When she didn’t get in to any graduate-entry medical programmes on her first try, she cried. But she didn’t give up, and instead applied as a long-shot and was accepted to a public health programme. A year later she did get into med school. I helped her move, and drove her three hours north.
A month later I moved six hours west, by plane.
My grandmother dreamed of being a doctor too, once. Then her father died and that dream died with him. Her dreams became more modest and she studied to become a laboratory technician. Then her mother-in-law-of-three-weeks died, and she was left to take care of her ailing father-in-law, who had Alzheimer’s. Years later in the United States she would wish just of having an honest job, and earning Social Security. Then her husband was diagnosed with Parkinsonism, and she spent the next eight years taking care of him instead.
Today, she dreams for her children, grandchildren, and great-grandchild to be happy and healthy.
At a wedding back in the States, I met a cardiology resident working and living in the Upper East Side. She took the Hippocratic Oath to do no harm, but still dreamed about joining the CIA and killing terrorists.
On Hinge I met a girl who was in her final year of pediatrics residency who also lived on the Upper East Side. Though she had no fondness for them, she didn’t dream of killing terrorists.
What she was was burnt out. She was contemplating dropping medicine and becoming a consultant. I, for one, think that consultants are sheep, whose dreams are the status and riches that a name like McKinsey confers but whose talents could be much better used elsewhere. My thinking is much the same for private equity analysts. Perhaps I am so harsh because I was almost pulled into consulting’s gravity.
I did not say this — which was an unusual moment of restraint for me — but did ask why she was so interested in consulting. Apparently pediatricians don’t make much money, even in New York.
She hadn’t even dreamed of being a doctor, she had dreamed of being a zoologist.
Antoine de Saint-Exupéry wrote The Little Prince while living with his wife in Central Park South in exile from a puppet-country that existed as a result of a war that would later take his life. The original book had dozens of references to New York City, which were copiously edited out.
In it, an exacerbated fox exclaims his dream to the little prince:
“Please — tame me.”
There was a three-year period where three members of my family were diagnosed with cancer, two had surgery, and one had a progression event.
In those years, I dreamed of stability.
I landed a job at an oncology research and technology company, and hope that for the foreseeable future I will only have to think about cancer in the context of my work. I am glad that I work in health care, and can try to have an impact, even in some small way. My ex would say that you don’t work in health care unless you deal with bodily fluids.
Tears are a bodily fluid.
Dreams are too.
My brother got his dream of getting far away from my parents. The Marines took him as far away as Iraq, and mercifully brought him back as well. He keeps trying to get further away, but keeps getting entwined nonetheless.

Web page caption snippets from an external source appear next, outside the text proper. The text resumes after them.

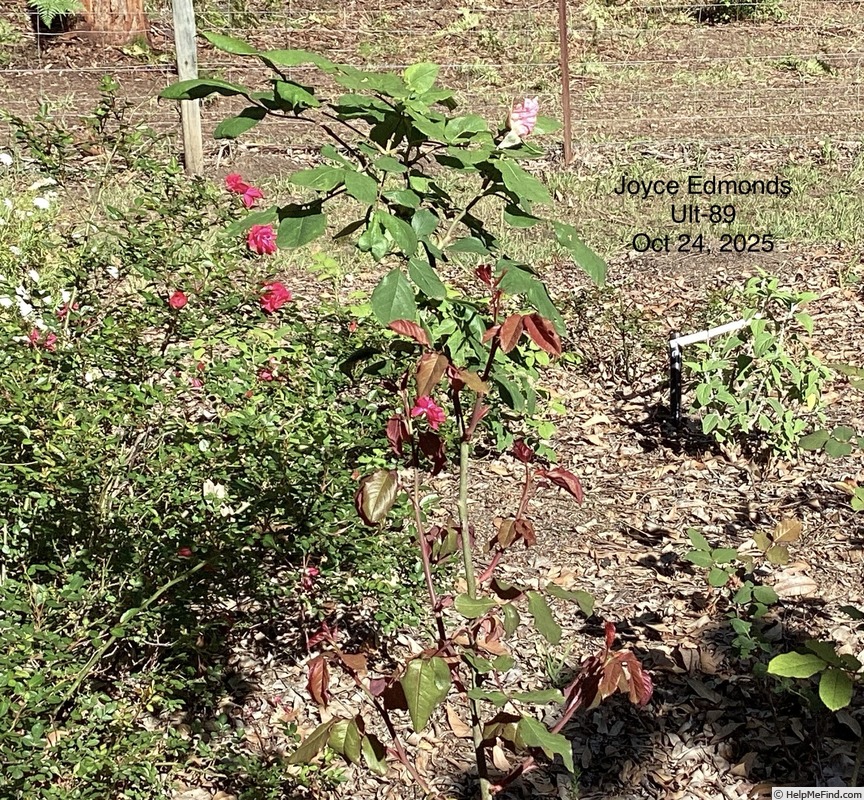 'Joyce Edmonds' rose, click to enlarge 'Joyce Edmonds' rose photo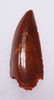 DT6-267 - FINEST GRADE INTACT DROMAEOSAUR " RAPTOR " DINOSAUR TOOTH FROM THE FRONT OF THE JAW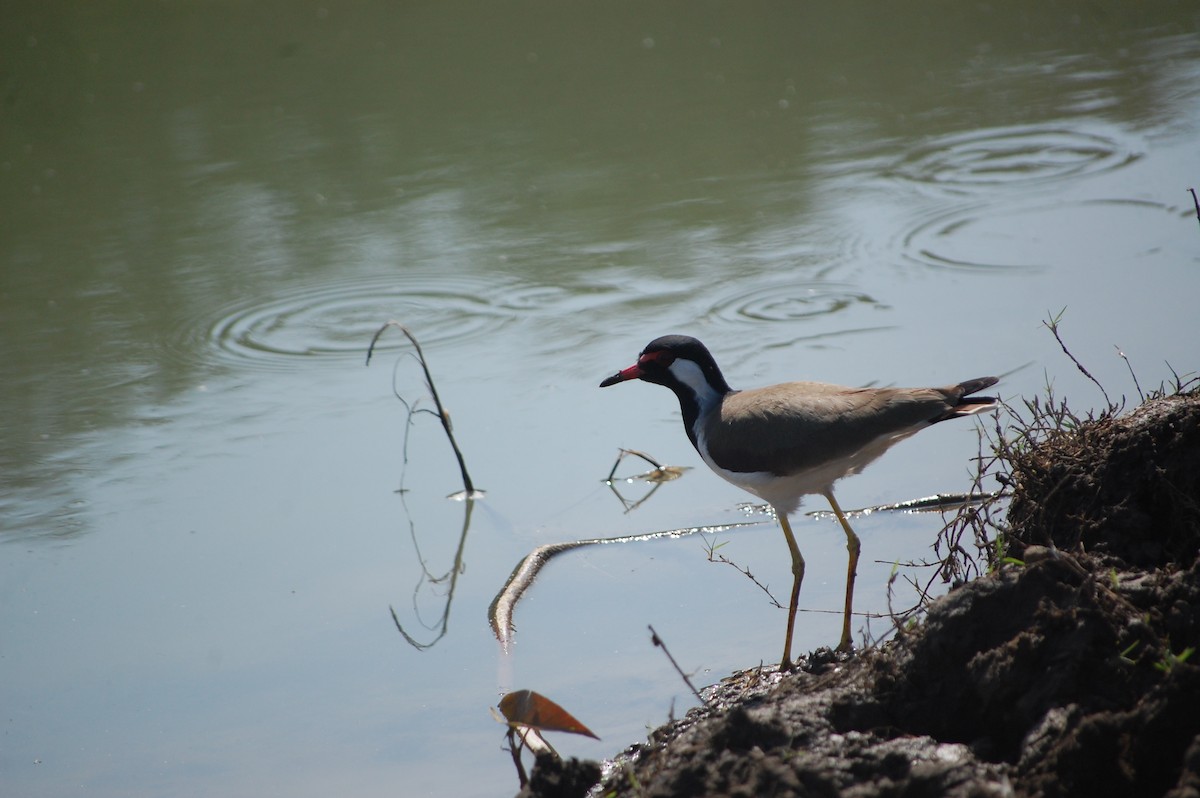 Red-wattled Lapwing - ML646966385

My mother had dreamed of becoming a math teacher. She worked as a cashier at a Kmart to help make ends meet, before eventually getting a job as a data analyst. She no longer clips coupons, but does still occasionally sell them on eBay.
My father had dreamed of working at Microsoft. The candidate from the ‘landing a job at Microsoft’ article was in fact him. He landed his dream job and worked at Microsoft for nearly 20 years before he retired.